More Pictures of the Past in Corning

I love looking at old photographs~ memories of the past, of a lifetime that was much more difficult than today, but at the same time, so much more simple. Men worked hard to earn a meager living and women stayed home to take care of their children and keep house.

Today I just wanted to share some of these amazing photographs that I have come across, of the area of Corning, Arkansas, during the time that our grandfather, John Thomas, would have been growing up there.  I love to let my imagination run wild....thinking of what life must have been like for him back then.   Muddy streets, horses and cattle, the local mercantile.....



This 1910 photograph shows what the weary traveler saw around 1910 as he alighted from the Iron Mountain train and faced westward for his first good look at his new home.  Across a muddy street stretched southward a row of wooden buildings that bespoke the primitive architecture of the village.  At the extreme right, a sheet iron store building housed the Joseph Steinberg Mercantile and the Canfield tool shop.
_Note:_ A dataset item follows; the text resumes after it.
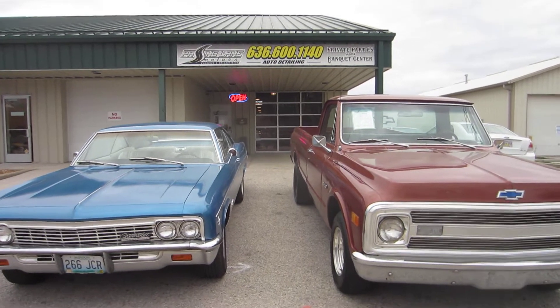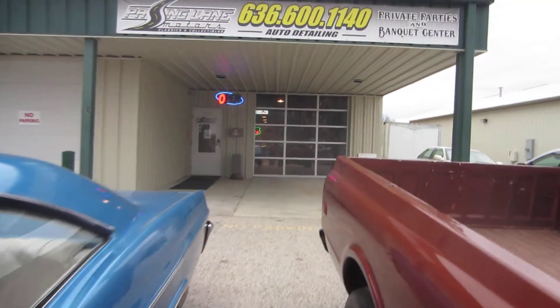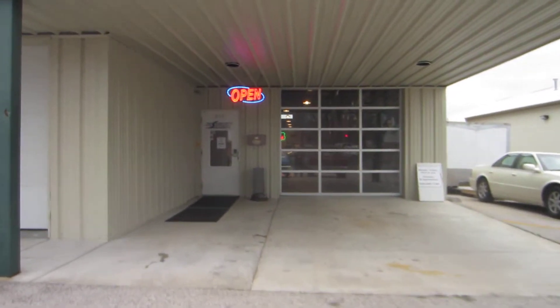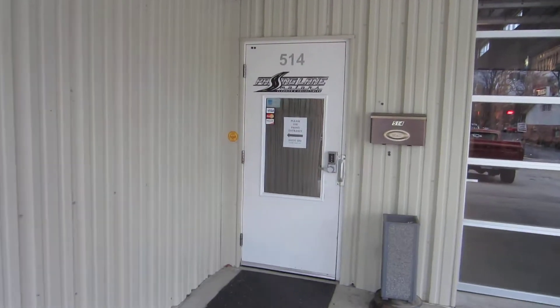Hello, this is Darrell again at Passing Lane Motors, and today I'd like to show you our banquet hall and give you kind of a tour of it. This is the entrance that we use for our banquet facilities — it's a little different than the entrance we use for our sales office.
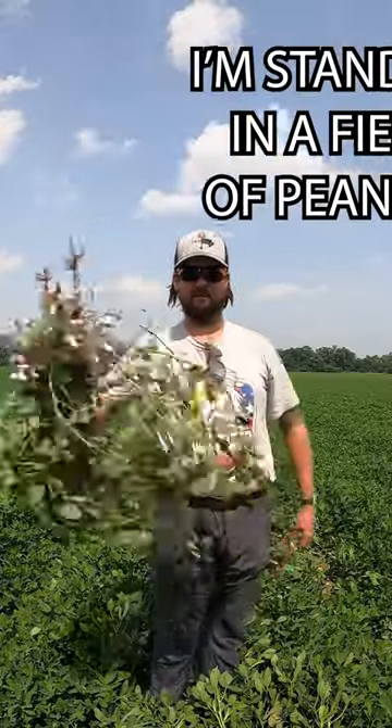I'm standing in a field of peanuts. This is a 30 acre dry land field of peanuts, and I know what you're thinking — wow, that peanut field looks incredible. And it does.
Next, a two story establishment was the J. O. Langdon Restaurant, flanked by the lean-to one-story bowling alley.  On the corner, as it has been since the beginning of the town, the Staley Drug Store.




















The following picture is of the third County Courthouse.  The first courthouse was built in 1873 and was later sold to M.L. Watts to become the general merchandise store known a "C.O. Watt & Co. in 1884.  The second courthouse was built in 1881 on the court square where it served until 1900 when it was irreparably damaged by an earthquake.  Finally this third courthouse was constructed in 1900, where it stood until it was destroyed by fire in 1963. Due to this fire, a lot of records were destroyed along with the majestic building.